= IAS 37 =

International Accounting Standard 37: Provisions, Contingent Liabilities and Contingent Assets, or IAS 37, is an international financial reporting standard adopted by the International Accounting Standards Board (IASB). It sets out the accounting and disclosure requirements for provisions, contingent liabilities and contingent assets, with several exceptions, establishing the important principle that a provision is to be recognized only when the entity has a liability.

IAS 37 was originally issued by the International Accounting Standards Committee in 1998, superseding IAS 10: Contingencies and Events Occurring after the Balance Sheet Date, and was adopted by the IASB in 2001. It was seen as an "important development" in accounting as it regulated the use of provisions, minimising their abuse such as in the case of big baths.

==Overview==
===Provisions===
IAS 37 establishes the definition of a provision as a "liability of uncertain timing or amount", and requires that all the following conditions be fulfilled before a provision can be recognized:
1. the entity currently has a liability as a result of a past event;
2. an outflow of resources is likely to be needed to settle the liability; and
3. the amount of the obligation can be estimated reliably.
The standard also details measurement methods for provisions, generally requiring that the entity recognises a best estimate of the amounts needed to settle the obligation. When the obligation is in the future, the present value is used to determine the liability. The accounting for provisions is similar to United States accounting for asset retirement obligations under ASC 410.
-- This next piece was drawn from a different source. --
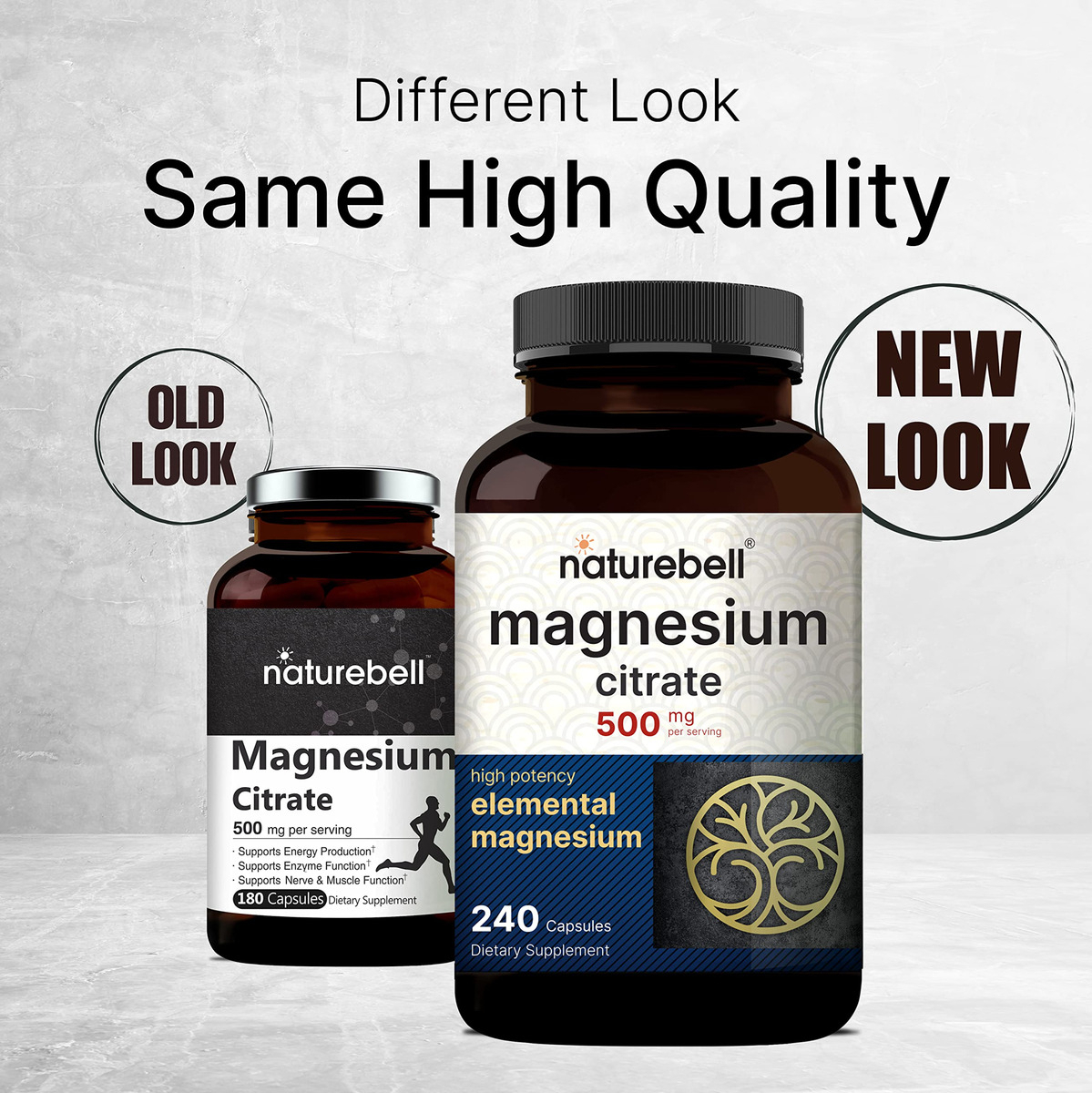 Salud y Equipamiento Médico - Citrato De Magnesio 500mg 240 Cap Naturebell 4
Contingent assets and liabilities
IAS 37 generally defines contingent assets and liabilities as assets and liabilities that arose from past events but whose existence will only be confirmed by the occurrence of future events that are not in the entity's control. It establishes that contingent assets and liabilities are not to be recognized in the financial statements, but are to be disclosed where an inflow of economic benefits is probable (assets) or the chance of outflows of resources is not insignificant (liabilities).

==Recent and proposed amendments==
In 2010 the IASB released an exposure draft of amendments to IAS 37 and invited comments on the draft. As of April 2012, the project has been paused pending other discussions. The amendments were controversial for setting out rules on how entities would account for legal cases in their financial statements; it would require firms to recognize the contingent liability as a weighted average of the possible outcomes of a legal case.

In 2018, the IASB issued an exposure draft to provide specific requirements on what constitutes 'unavoidable costs' in the definition of onerous contract in IAS 37.